On connaissait depuis des décennies le roman de gare. L'opéra de gare est arrivé, il est baroque bien sûr, et il nous vient des Pays-Bas. Et il nous parle de voyages au long cours, qui ont toute leur place dans cette nation qui a connu son âge d'or au XVIIème siècle avec l'expansion du commerce maritime. Cette ouverture sur le monde a aussi apporté la tolérance et le respect des autres : après Venise forcée de faire des concessions compte tenu de son déclin économique, la jeune république batave reprend le flambeau de la tolérance en Europe. Après avoir obtenu son indépendance à l'issue d'un long conflit avec l'Espagne catholique, elle se trouve toutefois en butte aux menées guerrières des royaumes de France et d'Angleterre. Elle résistera héroïquement aux troupes de Louis XIV, et finira par s'allier à l'Angleterre protestante, conservant jalousement son indépendance politique et économique. Encore de nos jours, la visite des musées néerlandais (notamment le très instructif musée de la ville d'Amsterdam) témoigne de la distance et du regard critique que peut porter ce peuple sur les aspects sombres de cette période, en particulier le rôle de l'esclavage dans le développement du commerce maritime et la prospérité de la ville au XVIIème siècle.

Partant de l'odyssée d'Ulysse et de son retour au pays, Odysseus évoque en filigrane l'aventure des immigrants du monde contemporain, qui fuient leur pays en affrontant un long périple, et ont quelques difficultés à se situer dans leur nouveau monde d'adoption. Les gares, lieux de transit, constituent une étape obligée des périples modernes.
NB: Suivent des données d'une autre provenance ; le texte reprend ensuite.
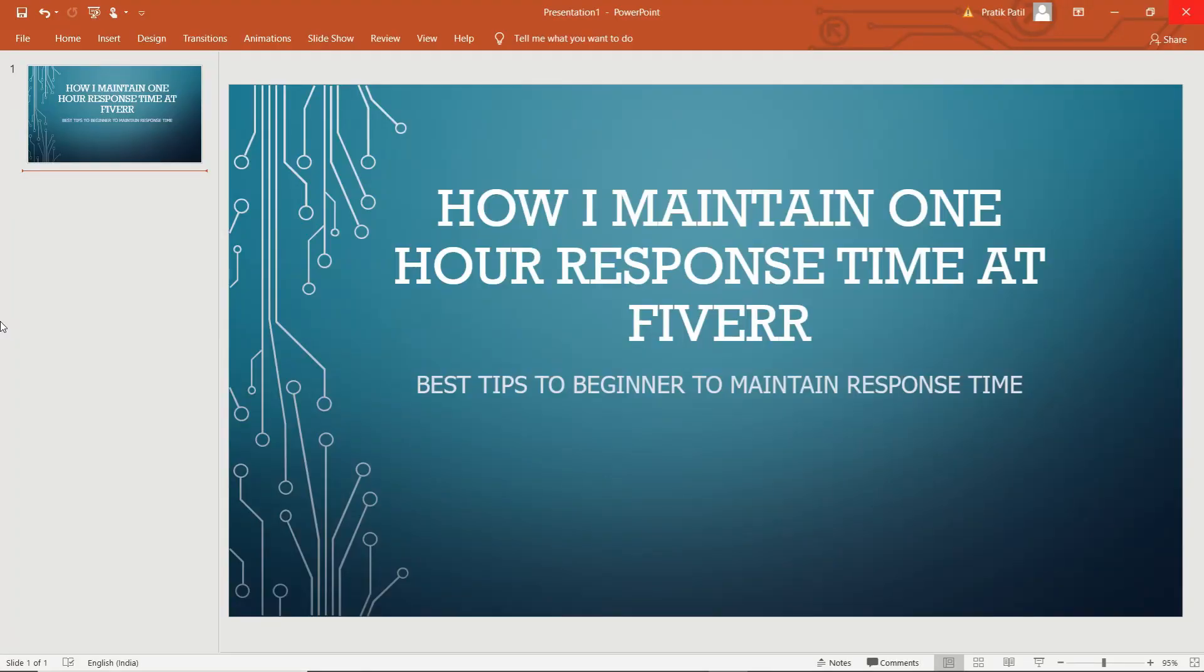Hello, welcome guys. My name is Pratik, welcome to my channel Best Best Speaker. So guys, if you are new on my channel, please click the subscribe button and also click the bell icon to receive the notification of my new video earlier.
Mais représenter un opéra (bâti autour de Penelope la Casta d'Alessandro Scarlatti) dans une gare témoigne également d'une volonté d'aller au-devant des spectateurs, et renoue habilement avec une tradition baroque qui, faute de théâtres en dur, n'hésitait pas à monter ses spectacles dans des lieux éphémères. Cela était aussi à peu près systématiquement le cas, y compris à Versailles (dont l 'Opéra Royal ne date que de 1770), lorsque les opéras étaient donnés au cours des fêtes accueillant des foules nombreuses dans des constructions provisoires.

Le jeune ensemble néerlandais Opera Minora a donc fait le pari de représenter sa production dans les gares de chemin de fer néerlandais, les NS : à Rotterdam, à Delft puis à Utrecht. Le spectacle commence par un voyage : à Utrecht Central, nous prenons un train pour la petite gare périphérique d'Utrecht Vaartsche Rijn, avec l'ensemble de la troupe. Sur les quais, le jeune chœur local Projectkoor Nomaden entame le Soave sia il vento, extrait de Cosi fan tutte de Mozart : Que les vents soient favorables ! Malgré l’acoustique ingrate, interrompue de passages de trains et d'annonces sonores, la prestation est tout à fait honorable. Puis la troupe entonne la chaconne Zefiro torno de Monteverdi, avant que nous ne reprenions le train pour Utrecht.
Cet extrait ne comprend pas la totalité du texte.